• WHAT THE EXERCISE ASKS: Output all of the material exactly; leave out no line.

RECORD EXTRACTS: Begin

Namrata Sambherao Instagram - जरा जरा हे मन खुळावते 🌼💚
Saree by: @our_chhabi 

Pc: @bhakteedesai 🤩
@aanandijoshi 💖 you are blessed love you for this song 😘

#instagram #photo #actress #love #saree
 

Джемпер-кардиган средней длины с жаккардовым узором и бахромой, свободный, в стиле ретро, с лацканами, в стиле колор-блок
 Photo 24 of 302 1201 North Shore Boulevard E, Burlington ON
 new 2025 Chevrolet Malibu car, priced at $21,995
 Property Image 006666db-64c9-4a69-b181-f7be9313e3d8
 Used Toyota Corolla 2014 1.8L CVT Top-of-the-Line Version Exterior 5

RECORD EXTRACTS: End

• SOLUTION:
Namrata Sambherao Instagram - जरा जरा हे मन खुळावते 🌼💚
Saree by: @our_chhabi 

Pc: @bhakteedesai 🤩
@aanandijoshi 💖 you are blessed love you for this song 😘

#instagram #photo #actress #love #saree
 

Джемпер-кардиган средней длины с жаккардовым узором и бахромой, свободный, в стиле ретро, с лацканами, в стиле колор-блок
 Photo 24 of 302 1201 North Shore Boulevard E, Burlington ON
 new 2025 Chevrolet Malibu car, priced at $21,995
 Property Image 006666db-64c9-4a69-b181-f7be9313e3d8
 Used Toyota Corolla 2014 1.8L CVT Top-of-the-Line Version Exterior 5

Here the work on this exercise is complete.